November 24, 1996|Cheo Hodari Coker

As the one-man Holland-Dozier-Holland behind the mighty Death Row Records sound, Dr. Dre raised the sonic level of hard-core rap to a level of true greatness. His first formal album since leaving that troubled camp is very much a gangsta rap record, despite Dre's disavowal of the controversial genre. But it's gangsta in attitude--hard beats that ask no quarter, lubricious bass lines that won't take no for an answer--rather than high-carnage content.

On this collection, featuring artists and producers he's signed to his new label, Dre (who produced or co-produced all the tracks and mixed all the music) is like the post-Lakers Pat Riley: He's working without his old championship-level superstars but is still able to bring the best out of his new team.
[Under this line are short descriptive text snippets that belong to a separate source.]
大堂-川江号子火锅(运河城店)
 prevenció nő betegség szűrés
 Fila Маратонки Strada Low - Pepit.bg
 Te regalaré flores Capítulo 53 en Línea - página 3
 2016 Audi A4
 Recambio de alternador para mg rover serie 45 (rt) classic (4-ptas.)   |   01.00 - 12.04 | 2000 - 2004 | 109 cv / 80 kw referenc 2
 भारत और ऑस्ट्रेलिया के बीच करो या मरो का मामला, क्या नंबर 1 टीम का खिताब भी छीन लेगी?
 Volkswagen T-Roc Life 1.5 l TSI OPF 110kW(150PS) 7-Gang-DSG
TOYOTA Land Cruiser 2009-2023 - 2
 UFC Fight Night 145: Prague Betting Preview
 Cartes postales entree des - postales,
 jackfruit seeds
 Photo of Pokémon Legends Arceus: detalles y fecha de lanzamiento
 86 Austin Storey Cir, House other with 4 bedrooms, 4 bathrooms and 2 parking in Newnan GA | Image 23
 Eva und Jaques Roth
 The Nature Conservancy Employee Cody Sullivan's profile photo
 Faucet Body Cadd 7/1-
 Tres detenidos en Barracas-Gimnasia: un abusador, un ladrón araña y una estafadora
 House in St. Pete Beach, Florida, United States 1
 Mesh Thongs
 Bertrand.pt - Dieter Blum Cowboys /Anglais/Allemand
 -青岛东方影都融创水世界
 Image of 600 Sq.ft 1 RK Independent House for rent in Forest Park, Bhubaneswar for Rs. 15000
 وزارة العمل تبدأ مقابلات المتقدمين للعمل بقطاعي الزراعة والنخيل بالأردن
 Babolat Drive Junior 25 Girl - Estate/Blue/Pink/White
The outstanding performance, musically and lyrically, belongs to Dre himself--the highly effective "Been There Done That," a track that urges the end of gangster attitudes in favor of cooperative economics. Only the symphonic funk of "Fame," featuring RC's crooning juxtaposed with nasty guitar licks (a sound Dre calls "ghetto metal"), comes close to outdoing the melodious, meticulous, near-perfect funk beneath "Been There."

Mel-Man is no Notorious B.I.G., but it's hard not to enjoy the beauty of the sonics behind the slow flow of his fun, funky "[Expletive] on the World." The same goes for songs such as Kim Summerson's "Choices," which rides a sample of Curtis Mayfield's "Give Me Your Love," and the talented Maurice Wilcher's self-produced "Please"--beautiful R&B tracks that float by yet leave a heavy impression.

Snoop Doggy Dogg, Rage, Nate Dogg and the rest of the Death Row team that Dre originally assembled are certainly missed. There's just no quick substitute for that level of talent, and matched with Dre they had a special magic.

But "The Aftermath" proves that Dr. Dre, coupled with assistant coaches--er, producers--such as Bud'dah and Chris "The Glove" Taylor, and a roster of maturing talents, is still going to make the finals.


Albums are rated on a scale of one star (poor), two stars (fair), three stars (good) and four stars (excellent).